Exercise prompt:
Repeat the lines of the data exactly and exclude any picture among them.

[[ Information provided open ]]

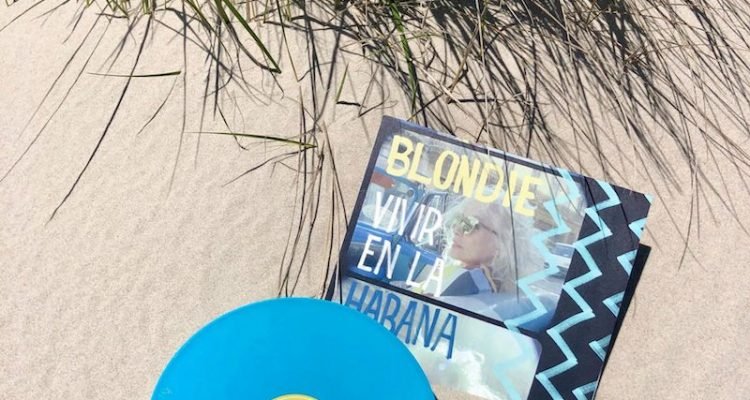 Blondie - “Tide Is High - Live from Havana, 2019” EP photo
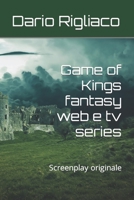 Game of Kings fantasy web e tv series: Screenplay originale B0C9S7PHPC Book Cover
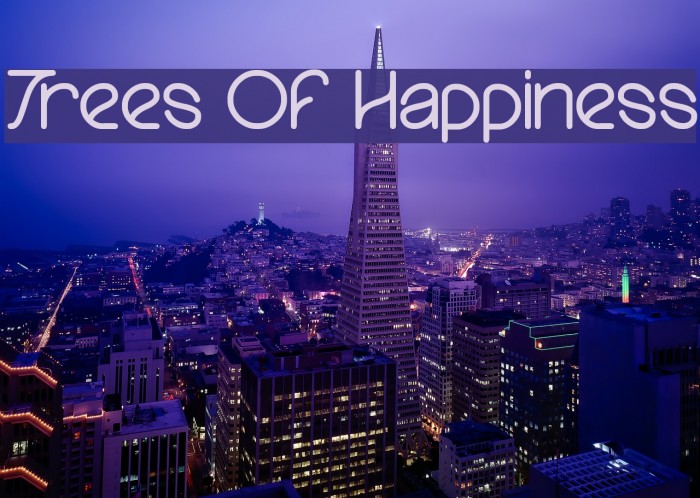 Trees Of Happiness Font examples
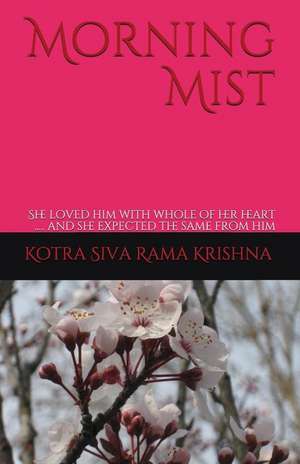 Morning Mist: She Loved Him with Whole of Her Heart ..... and She Expected the Same from Him de Kotra Siva Rama Krishna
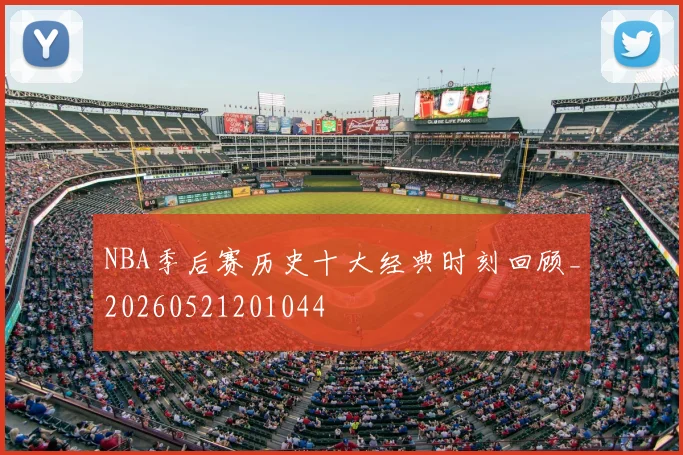 NBA季后赛历史十大经典时刻回顾_20260521201044
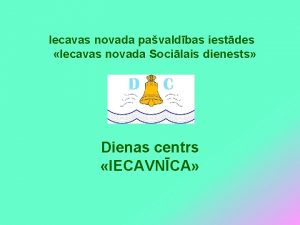 Iecavas sociālais dienests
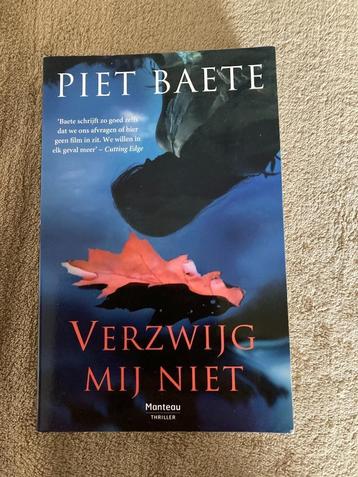 Pocket : Verzwijg mij niet. Piet Baete, 2013, 391 blz zo goe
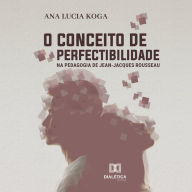 O conceito de perfectibilidade na pedagogia Jean-Jacques Rousseau (Abridged)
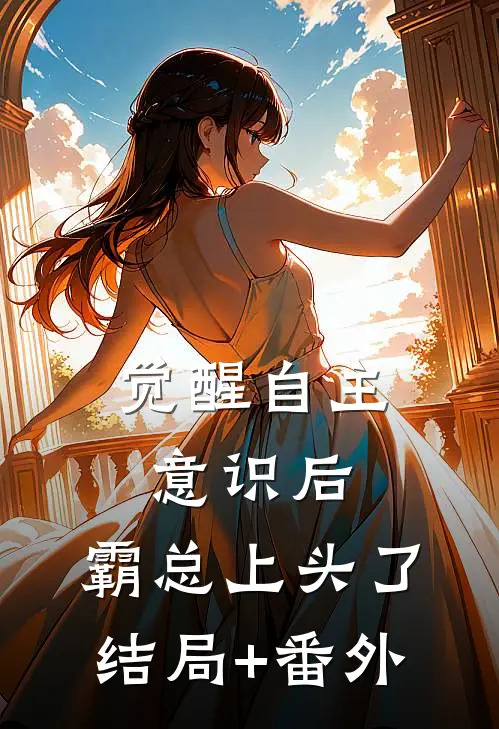觉醒自主意识后，霸总上头了结局+番外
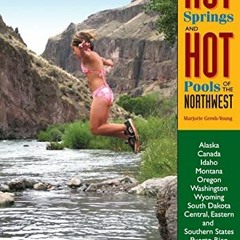 Get PDF Hot Springs and Hot Pools of the Northwest by  Marjorie Gersh-Young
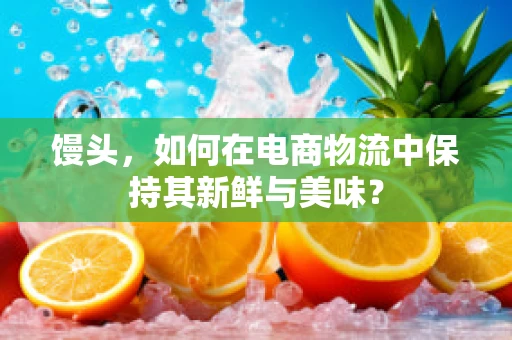 馒头，如何在电商物流中保持其新鲜与美味？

[[ Information provided closed ]]

Solution below:
 Blondie - “Tide Is High - Live from Havana, 2019” EP photo
 Game of Kings fantasy web e tv series: Screenplay originale B0C9S7PHPC Book Cover
 Trees Of Happiness Font examples
 Morning Mist: She Loved Him with Whole of Her Heart ..... and She Expected the Same from Him de Kotra Siva Rama Krishna
 NBA季后赛历史十大经典时刻回顾_20260521201044
 Iecavas sociālais dienests
 Pocket : Verzwijg mij niet. Piet Baete, 2013, 391 blz zo goe
 O conceito de perfectibilidade na pedagogia Jean-Jacques Rousseau (Abridged)
觉醒自主意识后，霸总上头了结局+番外
 Get PDF Hot Springs and Hot Pools of the Northwest by  Marjorie Gersh-Young
 馒头，如何在电商物流中保持其新鲜与美味？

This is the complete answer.